Expanded Withholding Tax (EWT) on goods and services
When the Philippine buyer is a top-20K corporation, large taxpayer, or government withholding agent designated under Revenue Regulations 11-2018, the buyer must withhold Expanded Withholding Tax (EWT) on payments to the seller as creditable advance income tax. The EWT rates vary by nature of transaction: one percent (1%) on goods (sale of merchandise), two percent (2%) on services (general contracting, ordinary services), five percent (5%) on professional fees paid to natural persons whose annual gross sales/receipts do not exceed ₱720,000 (ten percent if exceeding), fifteen percent (15%) on rentals of real estate paid to natural persons, and various other rates per RR 11-2018. The buyer remits via BIR Form 1601-EQ each quarter and issues BIR Form 2307 to the seller. The seller credits the withheld EWT against income tax due in the Quarterly and Annual Income Tax Returns. Smaller Philippine buyers (regular SMEs not designated as top-20K) do not withhold EWT, and the seller pays the full income tax at the regular schedule.
Books of accounts, audit, and ten-year retention
Every Philippine BIR-registered taxpayer must keep books of accounts under Section 232 of the NIRC. Manual books (Cash Receipts Journal, Cash Disbursements Journal, General Journal, General Ledger, plus Sales Journal and Purchase Journal for VAT) must be registered with the RDO before use.

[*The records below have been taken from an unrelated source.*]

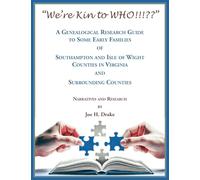 "We're Kin to WHO!!! " A Genealogical Research Guide to some Early Families of Southampton and Isle of Wight Counties in Virginia and Surrounding Counties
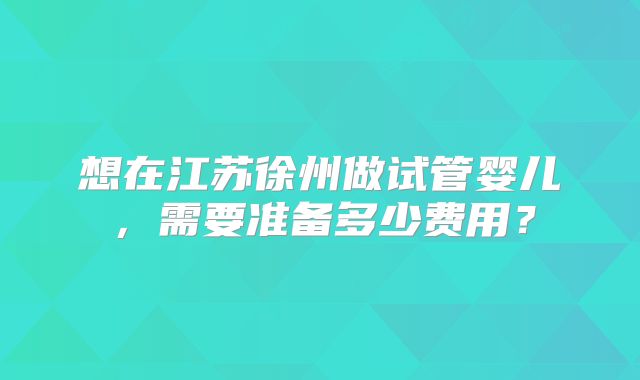 想在江苏徐州做试管婴儿，需要准备多少费用？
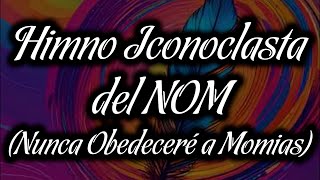 Himno Iconoclasta del NOM Nunca Obedeceré a Momias [upl. by Parfitt]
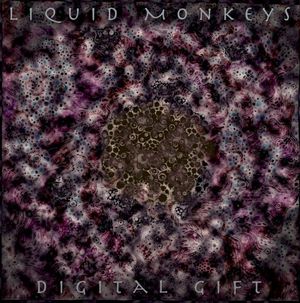 Liquid Monkeys - Digital Gift (EP)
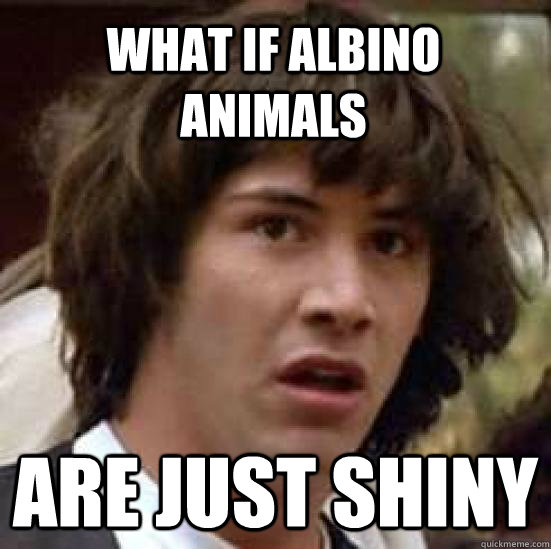 What if albino animals Are just shiny  conspiracy keanu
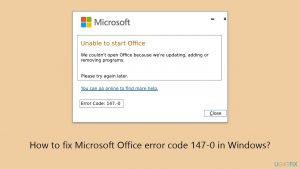 How to fix Microsoft Office error code 147-0 in Windows?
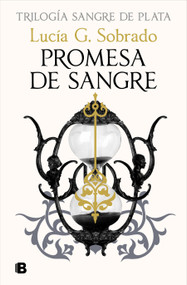 Promesa de sangre / Blood Oath (Spanish Edition) by Lucía G. Sobrado, 9788466680028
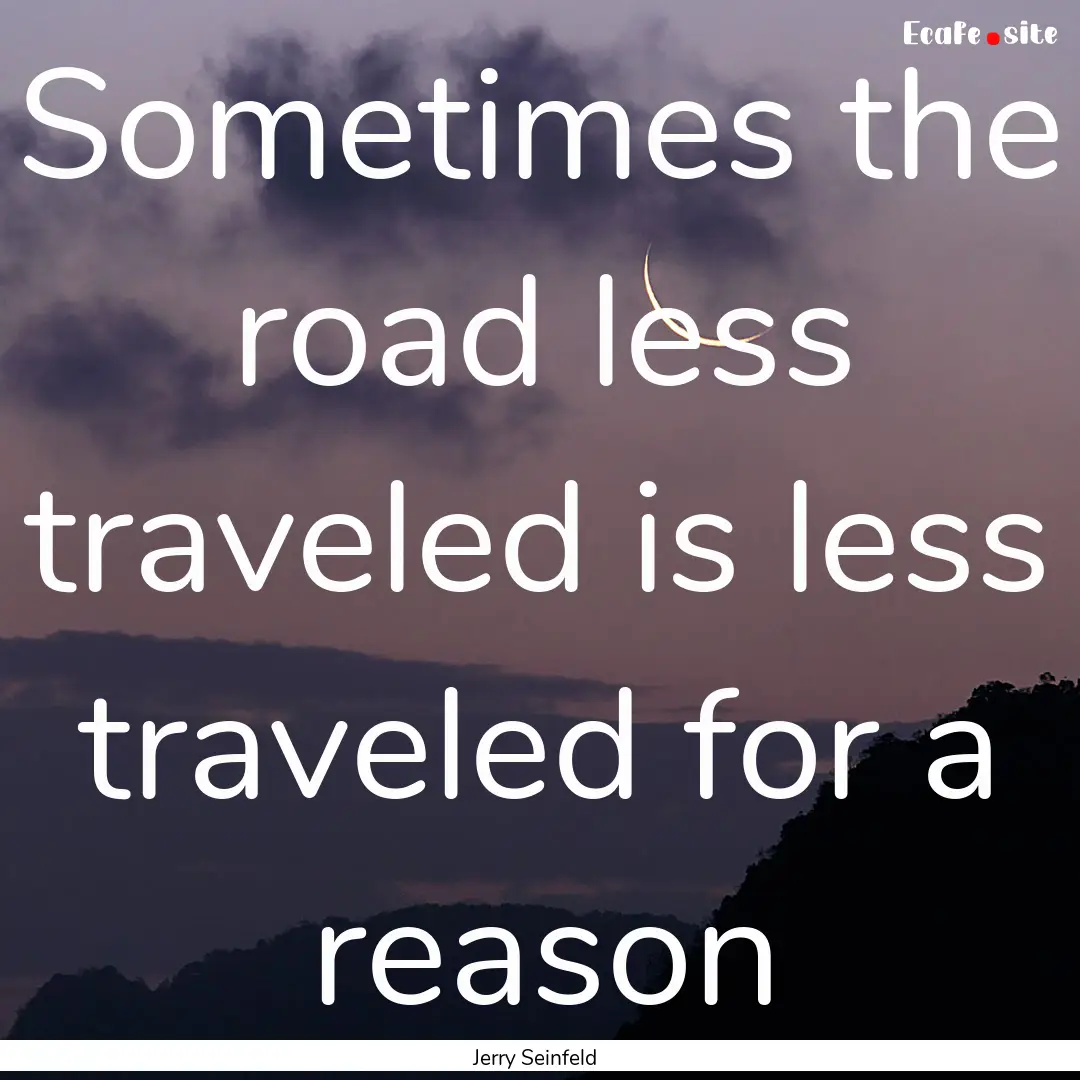 Sometimes the road less traveled is less.... : Quote by Jerry Seinfeld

Loose-leaf books require RR 9-2009 approval, and computerized accounting systems require a BIR Permit to Use (PTU) under RR 16-2018. Invoices issued must be recorded in chronological and sequence order within fifteen (15) days of issuance. Section 235 NIRC, as amended by RR 17-2013, requires preservation of books and supporting documents (including issued invoice copies and receipts) for TEN (10) years from the day after the deadline of filing the relevant return — first five years in original form, remaining five in BIR-approved electronic format. BIR audits typically occur every two to five years for active Philippine taxpayers and verify (a) sequenced numbering with no gaps, (b) consistency between invoices and bank deposits, (c) ATP validity, (d) VAT-vs-percentage-tax consistency, and (e) match between income declared and EWT credits. Deficiency assessments carry twenty-five percent (25%) surcharge under Section 248 and twenty percent (20%) annual interest under Section 249.